Foods that support psoriasis control:

  • Lean proteins. Chicken, turkey, tofu, and beans help repair skin and maintain energy.
  • Omega-3-rich foods. Salmon, flaxseed, chia, and walnuts reduce inflammatory signals throughout the body.
  • High-fiber foods. Oats, lentils, and leafy greens support gut health and reduce inflammation.
  • Olive oil and avocado. These contain healthy fats that help modulate inflammation.
  • Berries, citrus, and leafy greens. Packed with antioxidants that protect skin cells from oxidative stress.

Food is rarely the sole cause of flares. But certain dietary patterns make inflammation harder to control for some people. Heavily processed meats, refined carbohydrates, and sugary drinks spike blood sugar and increase inflammatory markers. Heavy alcohol use may interfere with medications or make symptoms more unpredictable. Dairy contributes to inflammation for some, but not all, people.

The goal is not to eliminate entire food groups. It is to understand your unique triggers, calm inflammation, and create a long-term plan that supports both your skin and your overall health.

Probiotics, Prebiotics, and Fiber: Feeding a Healthier Gut and Skin  

A balanced gut microbiome helps regulate inflammation throughout the body, including your skin. Supporting gut health through diet makes your treatments more effective and your flares less frequent.

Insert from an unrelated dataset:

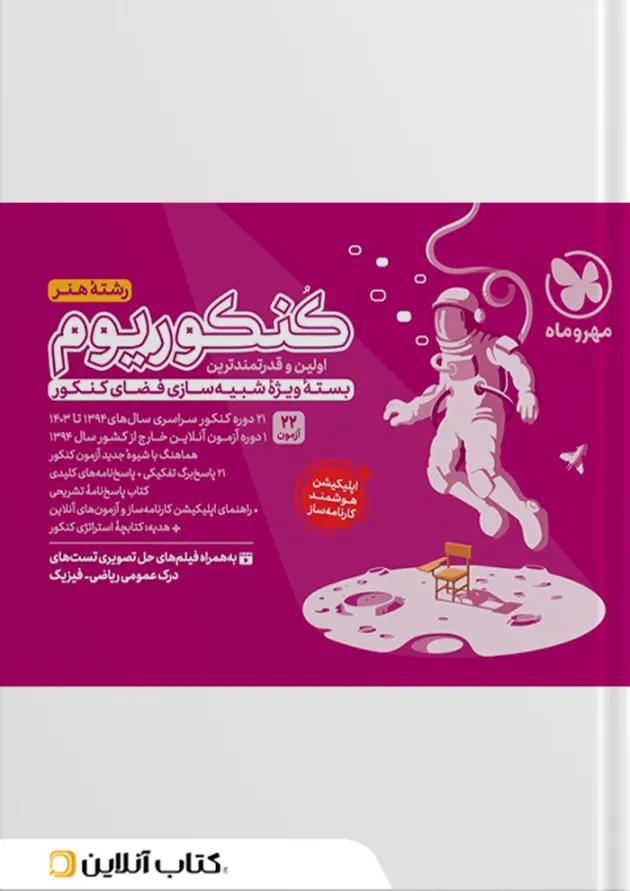 کنکوریوم هنر مهروماه 1405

  • Probiotics (the good bacteria). Found in yogurt, kefir, kimchi, sauerkraut, miso, and kombucha. May help restore gut balance and reduce inflammatory responses linked to eczema and psoriasis.
  • Prebiotics (what the good bacteria feed on). Found in garlic, onions, leeks, asparagus, bananas, and oats. Encourage the growth of beneficial bacteria that help regulate your immune system.
  • Fiber. Aim for at least 25 to 30 grams per day from whole grains, legumes, fruits, and vegetables. Fiber supports regular digestion, feeds healthy gut bacteria, and helps flush out inflammatory byproducts.

Together, fiber, probiotics, and prebiotics create a strong foundation for gut and skin health, helping your body calm inflammation naturally.

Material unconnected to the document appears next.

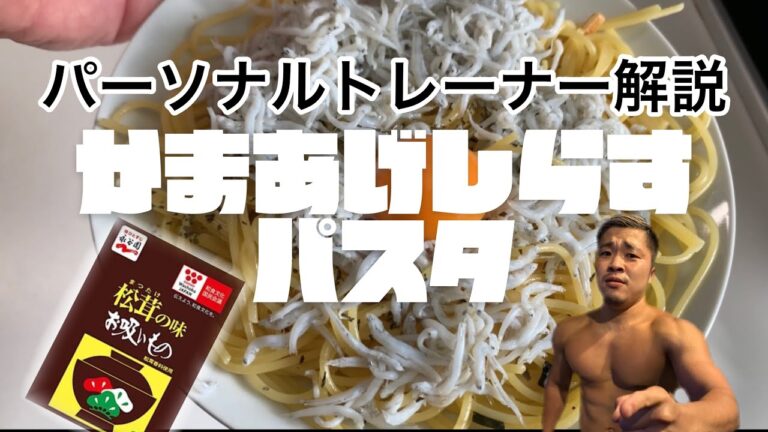 お吸い物の素を使った釜揚げしらすパスタを1分で解説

Want help making these changes work for your lifestyle? Your Zest care team guides you through personalized nutrition adjustments that fit alongside your treatment plan. Reach out anytime through your portal.

The Skin Deep Summary

Food plays a powerful role in managing eczema and psoriasis. Not through strict rules or restrictions, but through awareness and balance. Choosing anti-inflammatory, whole foods rich in fiber, probiotics, and healthy fats helps calm the immune system and support lasting skin balance.

Nutrition is an essential part of your care at Zest, not an afterthought. Your care team guides you in exploring what works for your body so that healthy choices feel natural, supportive, and sustainable.